Social media has proven to be a good medium for sharing information and bringing common interests together.
In that vacuum, various groupings of workers have begun using Facebook groups as an online organizing vehicle that can give them a collective voice. Freelancers in various occupations are forging their own digital “water-cooler communities” by connecting online with their fellow workers, most of whom they have never met face-to-face. Social media has proven to be a good medium for sharing information and bringing common interests together. For example, delivery employees at Instacart organized a “no-delivery day” through their Facebook group to strike for higher pay. A number of Facebook groups have sprung up to support ridesharing drivers, including the “Uber and Lyft Drivers Breakroom” with over 27,000 members in which drivers can discuss industry practices and organizing strategies.

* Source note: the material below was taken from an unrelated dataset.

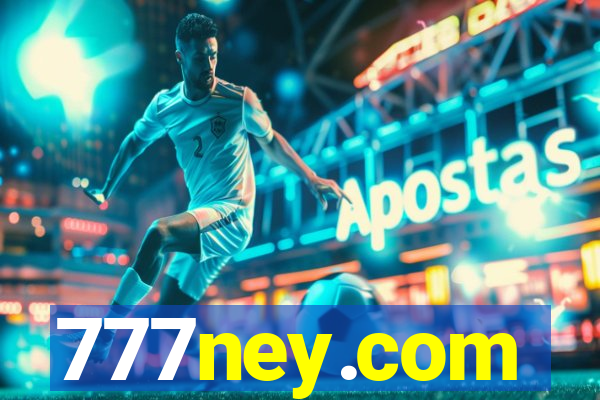 777ney.com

Cities like New York and Seattle have tried empowering labor-allied nonprofit agencies to advocate for ridesharing drivers. One of these, the Independent Drivers Guild, has organized a petition calling on New York City to pass a law establishing a minimum wage and a cap on the number of ridesharing drivers. While the IDG is not a union, Uber has agreed to recognize it as a driver representative. But Uber also has provided funding to the IDG, spurring the New York Taxi Workers Alliance to call IDG a "company-financed pseudo union.”
US labor unions are supporting a bill introduced by US Senator (and former presidential candidate) Bernie Sanders, a Democrat-leaning independent politician, that would make it easier for workers, especially distributed workers, to prove they are employees with the right to unionize and negotiate with management. But as long as the Republicans control the Congress and the president’s office, that proposal has zero chance of passing.
The distributed workforce is growing in the global economy, and labor advocates need to adjust their strategies for this 21st century digital world before it returns us to the conditions of the 19th century.